TOKYO (Reuters) - U.S. stock futures jumped on Monday as U.S. Treasury Secretary Steven Mnuchin said the U.S. trade war with China is “on hold” after the world’s two largest economic powers agreed to drop their tariff threats while they work on a wider trade agreement.
S&P mini futures ESc1 rose 0.6 percent in early Asian trade on Monday.
Investors trading Asian stocks were cautious. Japan's Nikkei .N225 ticked up 0.1 percent while MSCI's broadest index of Asia-Pacific shares outside Japan .MIAPJ0000PUS was off 0.1 percent in early trade.

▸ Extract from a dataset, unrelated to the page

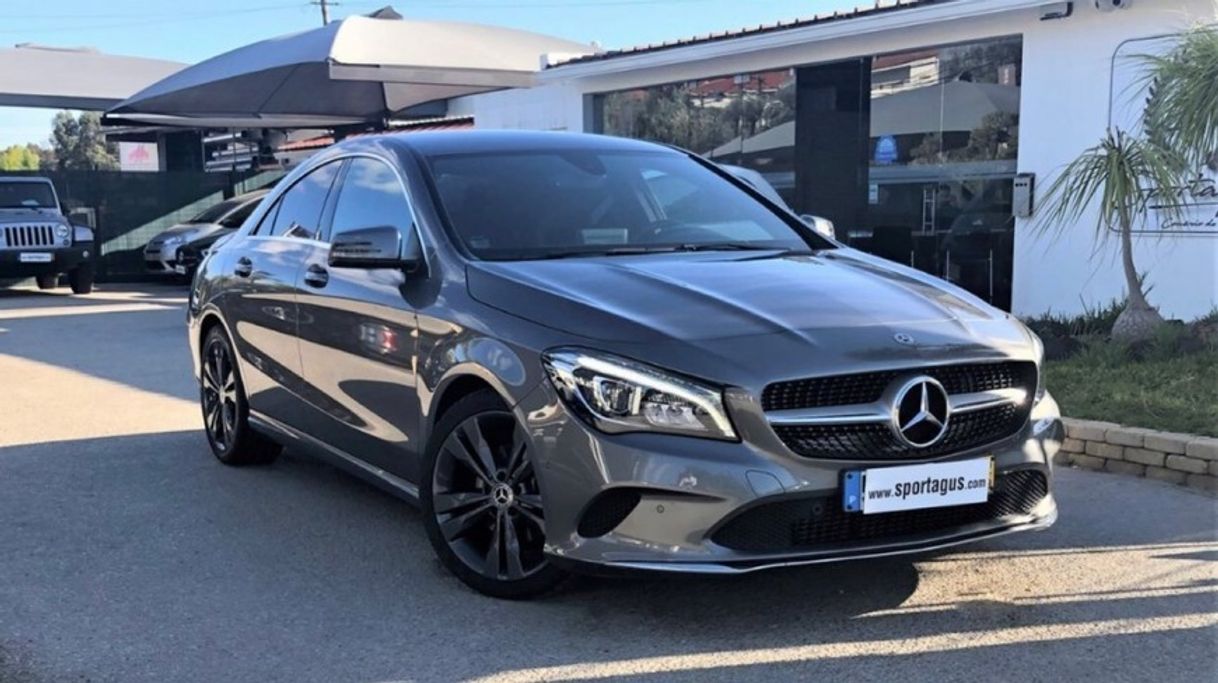 Social Mercedes Benz Classe CLA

Mnuchin and U.S. President Donald Trump’s top economic adviser, Larry Kudlow, said the agreement reached by Chinese and American negotiators on Saturday set up a framework for addressing trade imbalances in the future.
“The weekend talk appears to have made progress. While they still need to work out details of a wider trade deal, it is positive for markets that they struck a truce,” said Koji Kabeya, chief global strategist at Daiwa Securities.
U.S. bond yields rose as safe-haven demand for debt fell, with the 10-year Treasuries yield rising 1.5 basis points to 3.082 percent US10YT=RR, near a seven-year high of 3.128 percent hit on Friday.
“Recent data suggests the U.S. economy is very strong, hardly slowing down in Jan-Mar. The world economy slowed in that quarter but it appears to be rebounding. And recent rises in oil prices are likely to lift inflation expectations further,” said Tomoaki Shishido, senior fixed income analyst at Nomura Securities.
“We expect more selling until the next Fed’s meeting in June,” he said.